But in the age of blogging and Facebook and all the other diversions, book publishing has returned to South Dakota … returned with class and success.
Book publishing, when done correctly, is a difficult mix of creativity and commerce, two things that can be incompatible in rural places. Still, South Dakota has had some good publishing houses.
The Center for Western Studies on the Augustana College campus has produced some timeless and important tomes. There was once a University of South Dakota Press in Vermillion. Aberdeen had a privately owned book publisher, though the name escapes me. There was a Brevet Publishing in Sioux Falls. Pine Hill Printer in Freeman helped several hundred authors self-publish. Linda Hasselstrom has had success with books under a name only rural people would even understand, Windbreak. We’ve published a handful of books here at South Dakota Magazine.
Just as many of our university and private book publishers were winding down, along came the South Dakota Historical Society Press in Pierre. As an arm of the state historical society, it was publishing a half dozen or so books a year and doing it quite nicely under the leadership of Nancy Tystad Koupal.
Book runs in South Dakota are generally under 5,000 — and often 1,000 or 2,000. The SDHSP was sometimes exceeding those numbers, and by all accounts doing an excellent job of publishing important regional manuscripts that deserved to be bound for today and forever.

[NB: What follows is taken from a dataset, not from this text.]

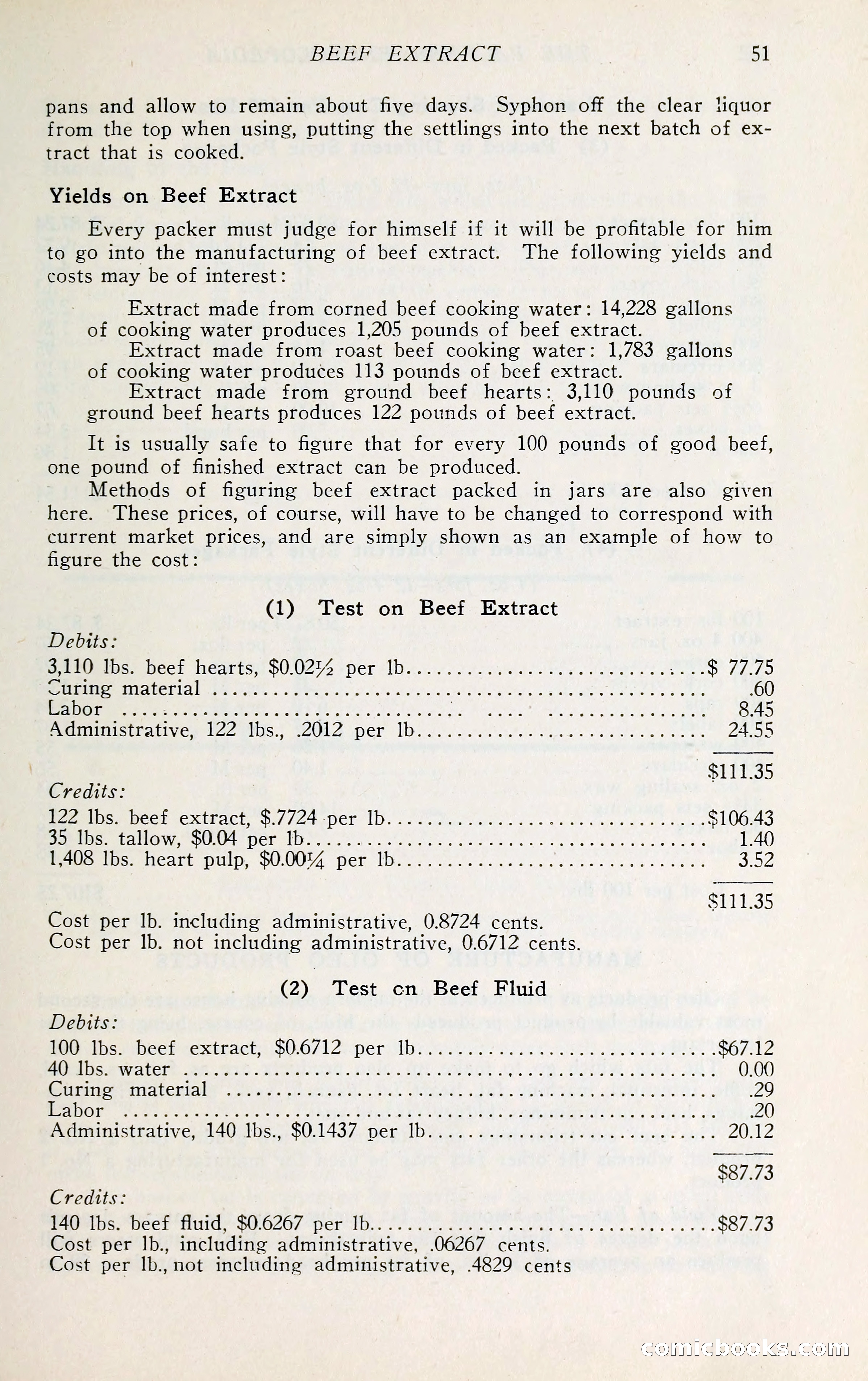The Packers' Encyclopedia: Blue Book of the American Meat Packing and Allied Industries — page 66 of 399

And then the SDHSP published Pioneer Girl, the brutally honest 1930 autobiography of Laura Ingalls Wilder. Nancy optimistically ordered 15,000 copies. And they sold. She ordered again. And then again. Seventy-five thousand to date, and now Pioneer Girl is showing up on “best seller” lists.
Maybe the internet and e-books will eventually kill book publishing. But you know what Harry Truman proved about conventional wisdom. And the 1987 Minnesota Twins. And so on.
Success is always nice, but it’s especially beautiful when it happens to nice people like Nancy Koupal and her band of book publishers in the little city of Pierre.